Measured on Brent Crude, the oil price has now bounced 26% from the low of $45.19 on 13th January. The price of West Texas Intermediate has not been able to rally quite as strongly but today is still up almost 18% from its $43.58 low that it posted just four days ago. Technical indicators on both charts have improved dramatically during these bounces, but I have been saying for a while it would take a key piece of fundamental news to drive the rebound in oil. And it seems as though finally there has been a reaction to the glut of oil supplies. The big question is whether this will be enough to ensure a key low has now been posted.
Last week we saw the Baker Hughes rig count fall dramatically. In just one week the oil rig count in the US fell by 94 (with gas adding 3 and there was another miscellaneous rig to make the 90 in the provider’s table below). This was a record decline in just one week and suggests that finally producers in the US are beginning to react to the low prices. This may not impact on oil supplies straight away, however this is certainly a key fundamental event that the oil traders have been looking for.
At the same time we have been having the results of the oil majors in recent days which have included some significant cuts to future capital expenditure (capex). With Shell announcing last week that it would be cutting its capex by $15bn, now today BP has announced that it will be cutting its own capex by between $4bn to $6bn. These announcements add further evidence to supply reductions in the months to come.
It seems as though the whole world has been sellers of oil in the past 6 months. However in scenarios such as that it does not take much to change sentiment. The short covering has begun.
Technically, the WTI price has also today broken above a key resistance at $51.27 which was a spike rally high from mid-January. With the RSI close to a 6 month high and other momentum indicators such as Stochastics and MACD reacting strongly too, the technical outlook is improving significantly now.
However, we now need to see a few technical developments to start things about serious upside targets:
- A two day close above $51.27.
- If there is a correction, support being formed at a higher low (above $43.58) to be followed by a break back above this reaction high – this would begin to form a new uptrend.

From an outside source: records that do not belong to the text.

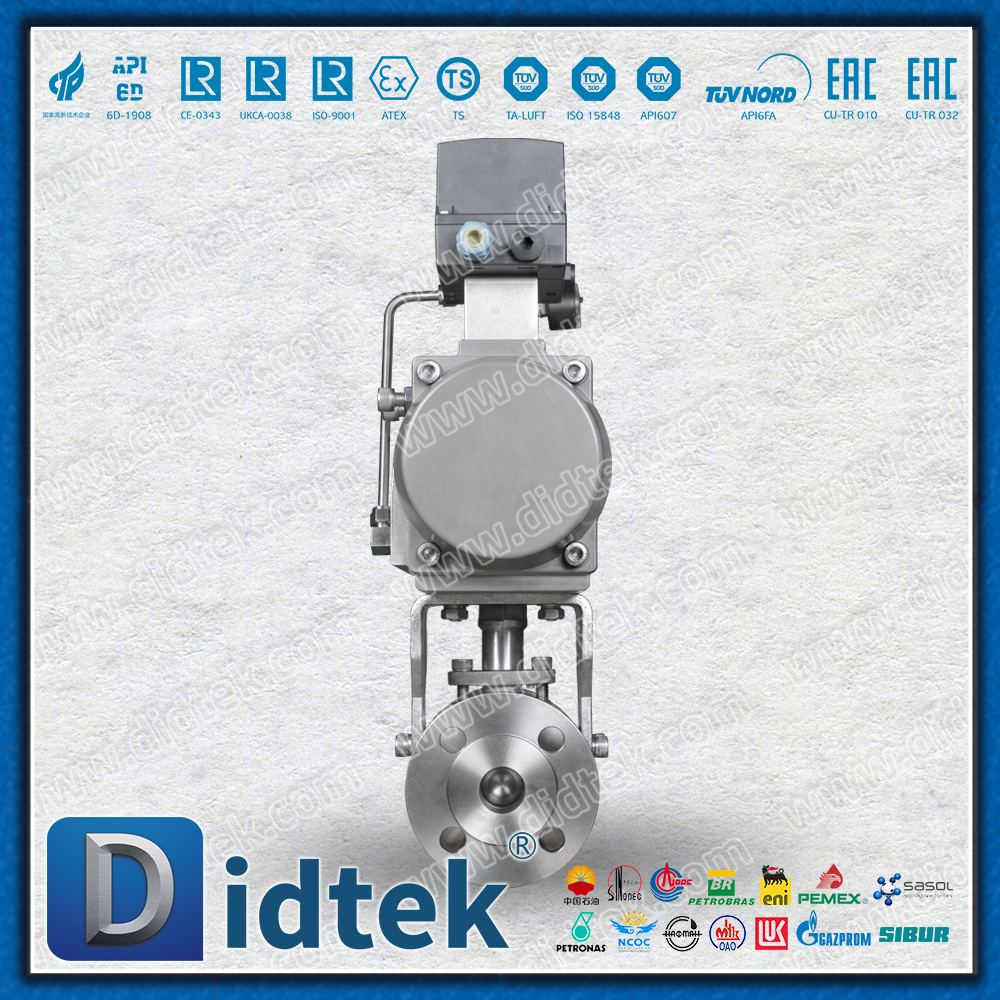 Válvula de esfera pneumática Didtek F316L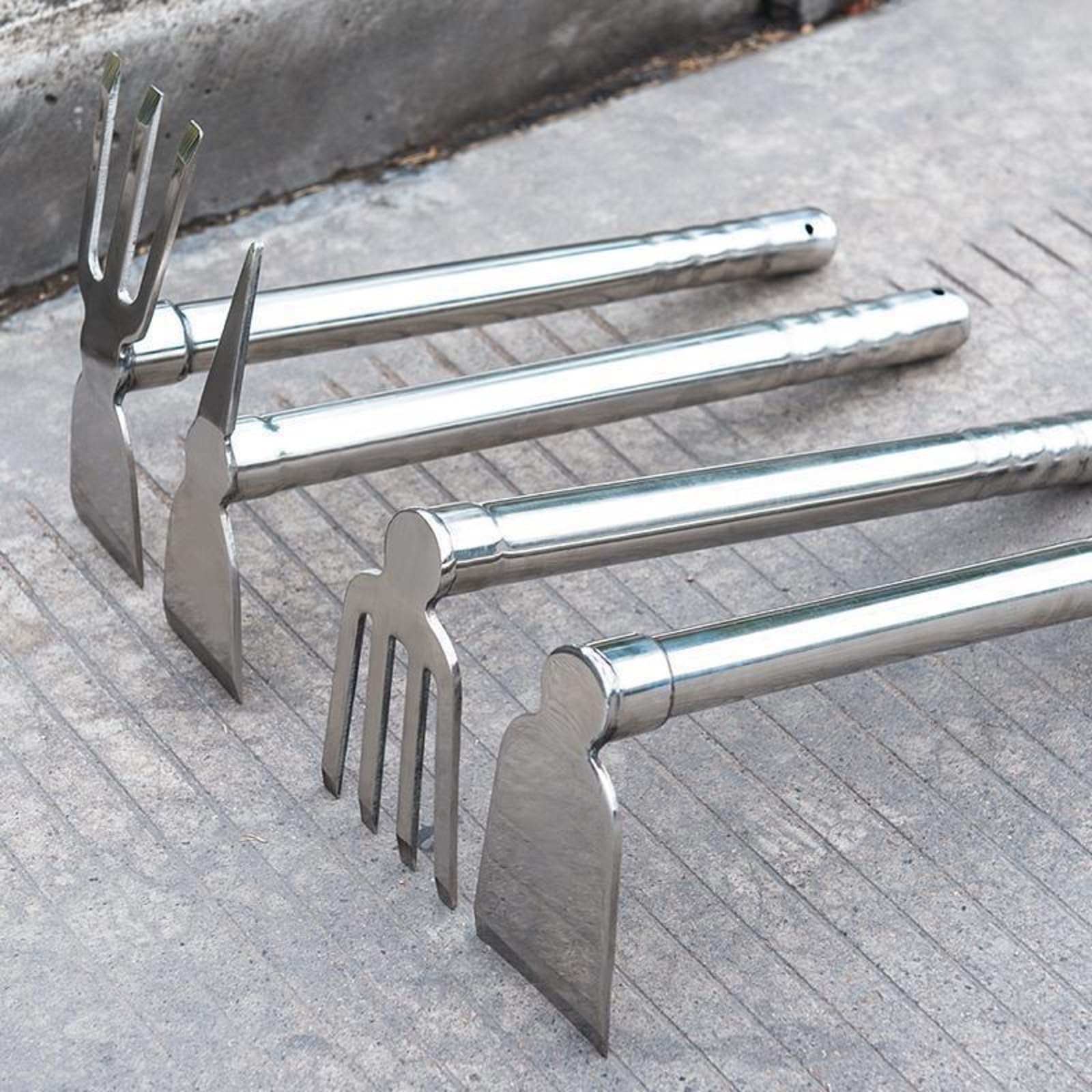 Baoblaze Zappetta Sarchiatore Manuale in Acciaio Inox Sarchiatore Ergonomico Coltivatore Manuale per Giardinieri, Aiuole, 58.5CM, Stile D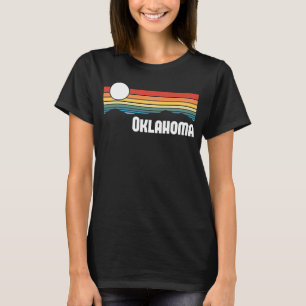 Oklahoma Vintage Sunset 80s Retro Summer State USA T-Shirt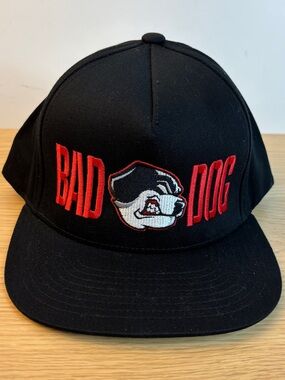 BAD DOG Embroidered Black Snapback Cap NWOT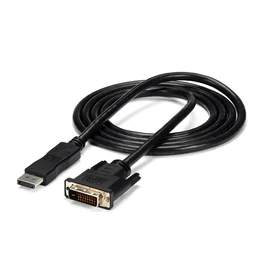 StarTech.com DP2DVIMM6 video átalakító kábel 1,8 M DisplayPort DVI-D Fekete
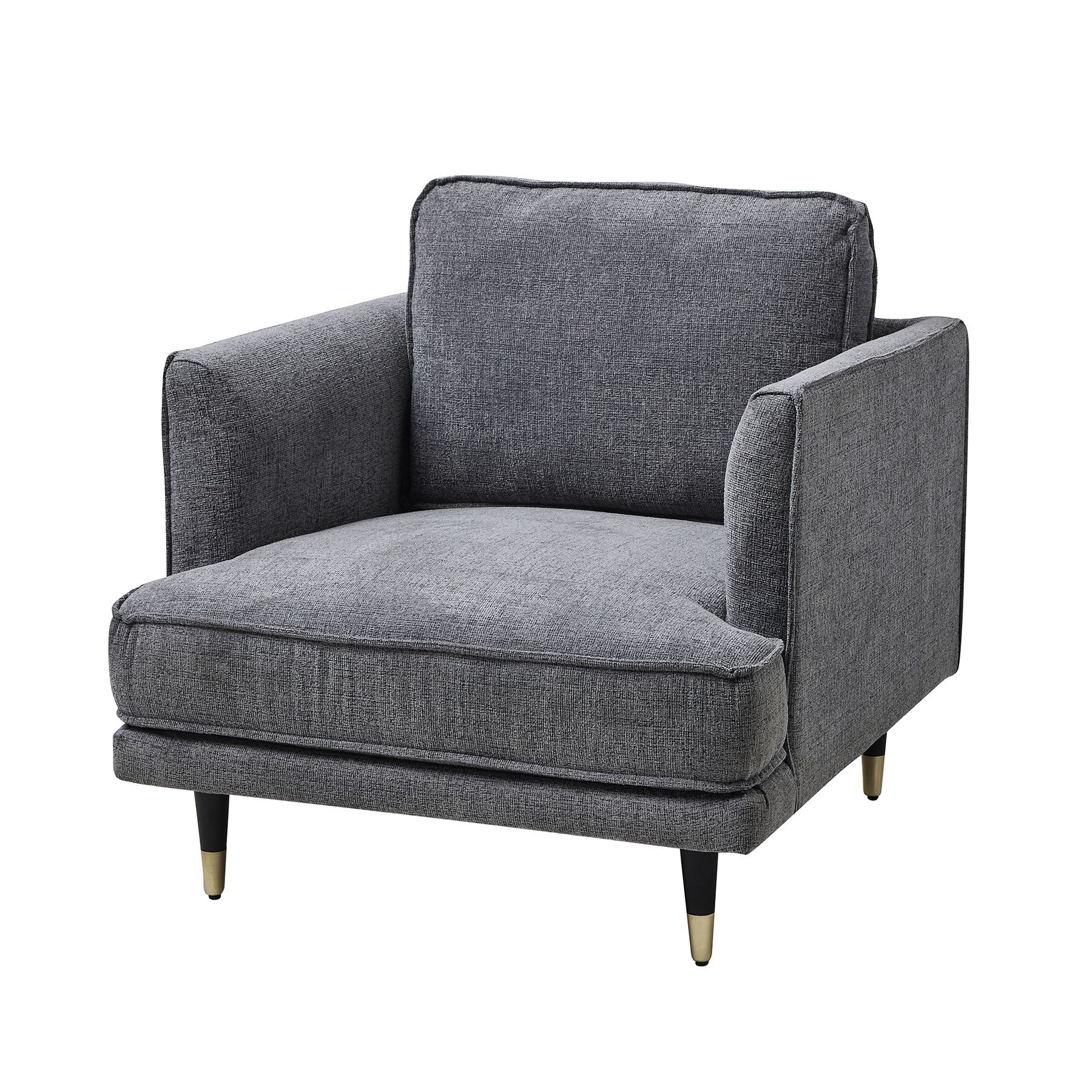 Richmond Grey Large Arm Chair – Luxury Furniture with Modern Design by Richmond Home. Premium Home Furnishings for Stylish Decor.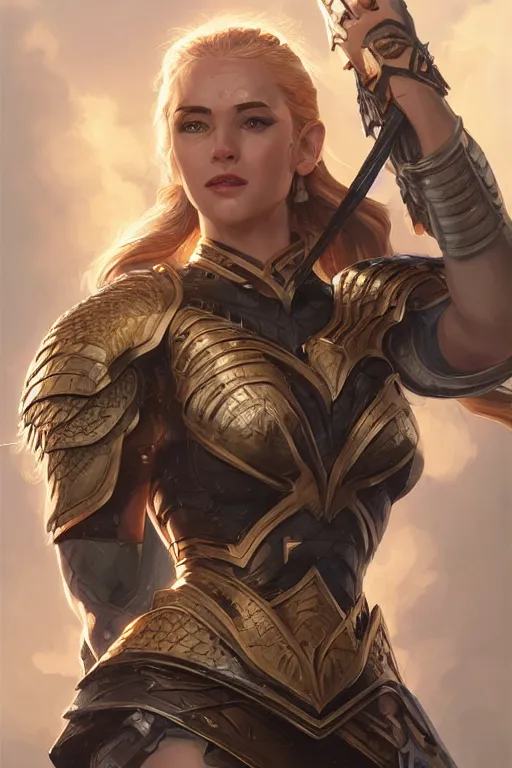 Image similar to amazon valkyrie athena, d & d, fantasy, portrait, highly detailed, headshot, digital painting, trending on artstation, concept art, sharp focus, illustration, art by artgerm and greg rutkowski and magali villeneuve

- The higher low preferably coming on support above the 21 day moving average (currently $47.35) which has been consistently seen as a basis of resistance.
Interestingly, the resistance of the top of the old downtrend channel comes in at around $56 today and this is in the middle of the previous consolidation band so is a reasonable target area should we see the price closing consistently above the $51.27 resistance.
It is still far too early to day whether there has been a key low formed in the oil price. Ideally there would be more information about demand picking up as well as supply restrictions. However for now the signs are encouraging and the market is certainly changing its outlook. The question remains, how long will this last for?